One question about timestamps-as-versions is what granularity is useful. In my previous experiences (e.g. using the date, but not time of day for DNS zone serials), making the wrong decisions there early on can lead to a lot of headache later.

tl;dr: do you think minute-granularity is enough, or should we also include seconds? I will admit that I have little experience with the typical "deployment pace" of ML models.

@klausman I think most of our models should be ok with minute-granularity. The only case I can think of where it could be problematic is if we train two slightly different versions of the same model in parallel (and they finish within ~60 secs of each other), but I don't see that happening anytime soon. We could also just limit the pipelines to only running one at a time to make sure we avoid it.

Echoing @klausman and @calbon from our ML Team Technical Meeting today:

Let's go with seconds-granularity for now when creating a timestamp version. There could be a case where we are pushing multiple models in bulk and it would be easier to go with this resolution now rather than attempting to do it later down the road.

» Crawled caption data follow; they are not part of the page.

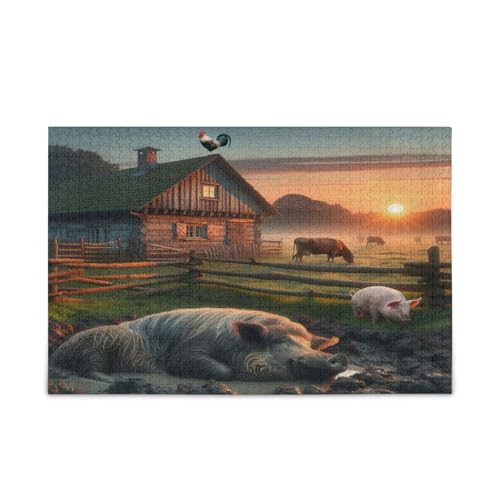 Bauernhaus-Holzpuzzle mit Hahn-Schweinchen-Motiv, 500 Teile, 50 x 37 cm Bauernhaus-Holzpuzzle mit Hahn-Schweinchen-Motiv, 500 Teile, 50 x 37 cm von RPLIFE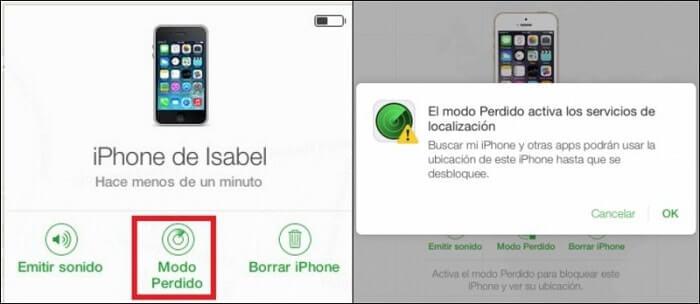 modo perdido iphone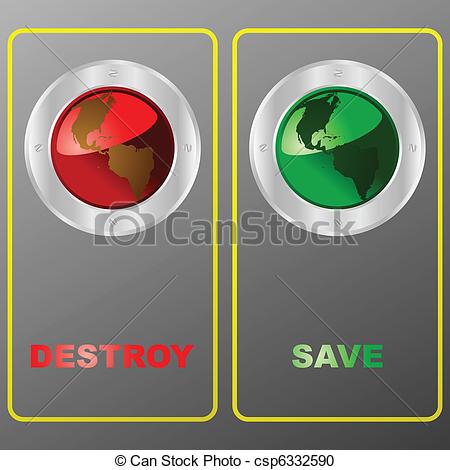 Illustration Of A Panel With Two Buttons  One For Destroying And One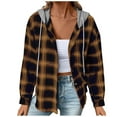 thumbnail image 2 of Aloohaidyvio Hooded Flannel Shirt Women Plaid Jacket Long Sleeve Button Down Blouse Casual Fashion Shacket Tops, 2 of 6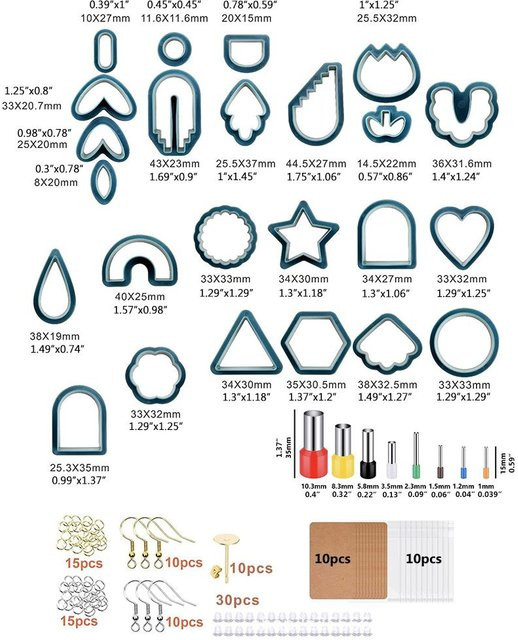 GoolRC 142-teiliges Ausstechformen-Set aus Kunststoff für Polymer-Ton in Grau und Blau inklusive Ohrring-Zubehör - Bild 1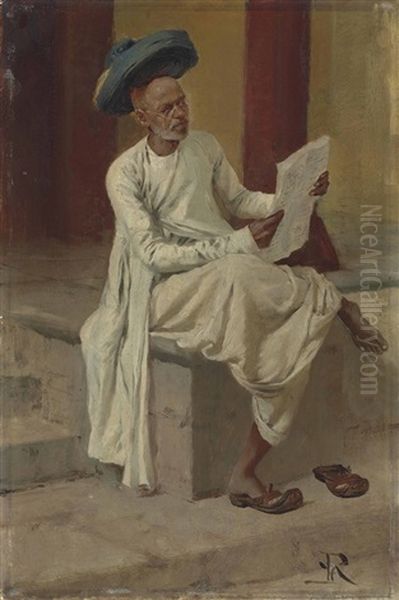 An Indian Man Reading The Newspaper In The Bazaar, Bombay Oil Painting by Horace Van Ruith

I'm currently refactoring my model_upload script to reflect this and will create a patch for the inference-services repo this week.

Change 719668 had a related patch set uploaded (by Accraze; author: Accraze):

[machinelearning/liftwing/inference-services@main] utils: added model upload script

https://gerrit.wikimedia.org/r/719668

Change 736848 had a related patch set uploaded (by Elukey; author: Elukey):

[operations/puppet@production] role::statistics::explorer: add ml profile

https://gerrit.wikimedia.org/r/736848

Change 736848 merged by Elukey:

[operations/puppet@production] role::statistics::explorer: add ml profile

https://gerrit.wikimedia.org/r/736848

Change 719668 abandoned by Accraze:

[machinelearning/liftwing/inference-services@main] utils: added model upload script

Reason:

Moved model upload script to operations/puppet/+/736848

https://gerrit.wikimedia.org/r/719668

ACraze claimed this task.

@elukey - I think we are all good on this task. Major thanks to @Theofpa for helping us out on this and suggesting a sane naming structure. Going to mark as RESOLVED, feel free to re-open if anyone feels we need to discuss further.